Example Query: Handling Zero Total Spending
1SELECT customer_id, name,
2 NULLIF(total_spent, 0) AS valid_total_spent
3FROM amazon_customers
4ORDER BY customer_id;
customer_id | name | valid_total_spent |
---|---|---|
1 | Alice Johnson | 5000.00 |
2 | Bob Smith | 1200.50 |
3 | Charlie Lee | 8500.75 |
4 | David Kim | 3000.00 |
5 | Emma Garcia | NULL |
What’s Happening?
- NULLIF(total_spent, 0) replaces 0 with NULL to avoid including customers who haven’t spent anything.
✍️ SQL Exercises
Exercise 1: Replacing NULL Delivery Dates
Sophia needs a report that ensures missing delivery dates display ‘Not Delivered’.
Filter condition:
- Retrieve order ID, customer ID, and formatted delivery date.
- Replace NULL delivery dates with "Not Delivered".

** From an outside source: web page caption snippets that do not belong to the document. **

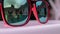 Reflection in sunglasses of teenagers girl enjoy in hotel swiming pool in vacation. two sisters playing, swimming and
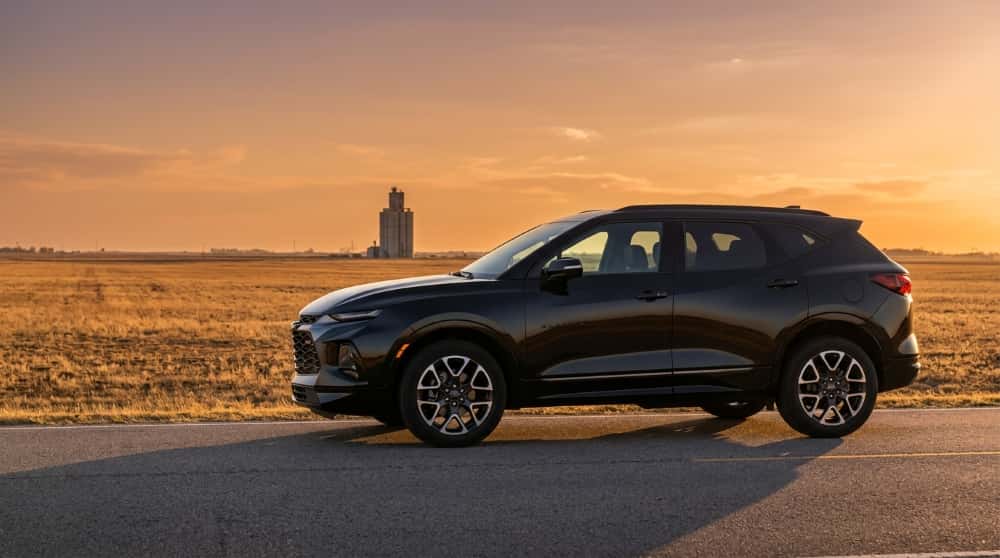 Black Chevrolet Blazer RS in side profile on a two-lane Oklahoma highway near Okarche at golden hour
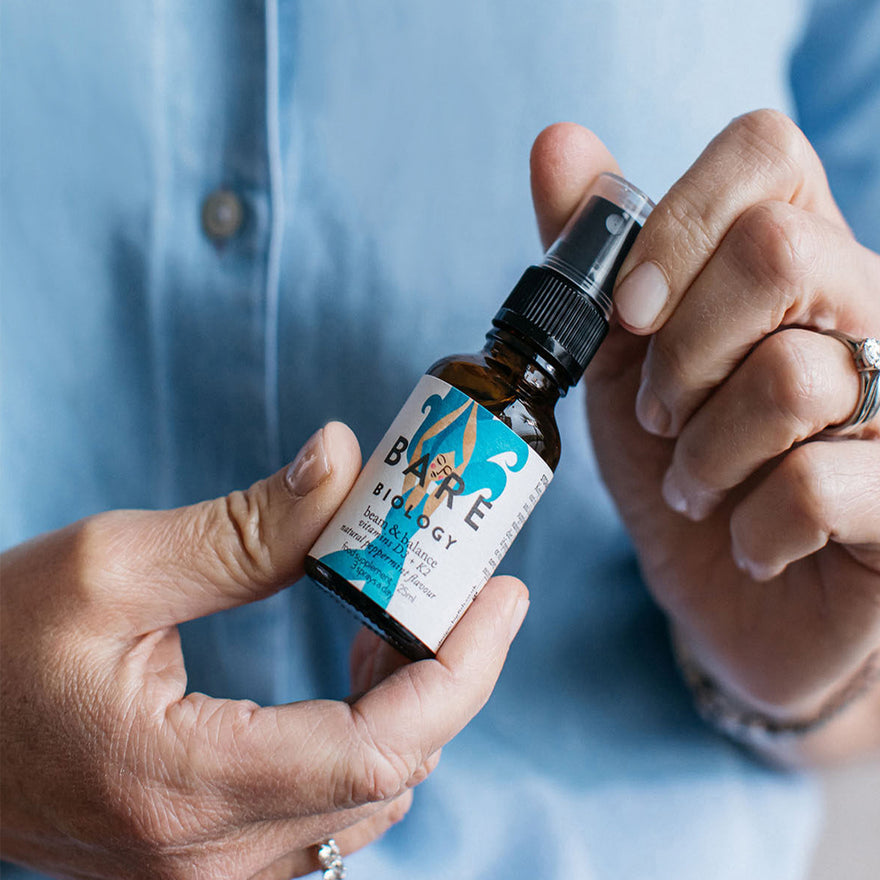 close up of a woman holding bare biology beam and balance vitamin d plus k2 spray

- Sort by order_id in ascending order.
order_id | customer_id | formatted_delivery_date |
---|---|---|
1 | 1 | 2024-01-15 |
2 | 2 | Not Delivered |
3 | 3 | Not Delivered |
Write an SQL query to return the requested data.
Exercise 2: Handling Zero Total Spending
Sophia also wants to replace zero total spending values with NULL to differentiate customers who haven’t made purchases.
Filter condition:
- Retrieve customer ID, name, and valid total spent.
- Replace 0 values with NULL.
- Sort by customer_id in ascending order.
customer_id | name | valid_total_spent |
---|---|---|
1 | “Alice Johnson” | 5000 |
2 | “Bob Smith” | 1200.5 |
3 | “Charlie Lee” | 8500.75 |
4 | “David Kim” | 3000 |
5 | “Emma Garcia” | 400.2 |
Write an SQL query to return the requested data.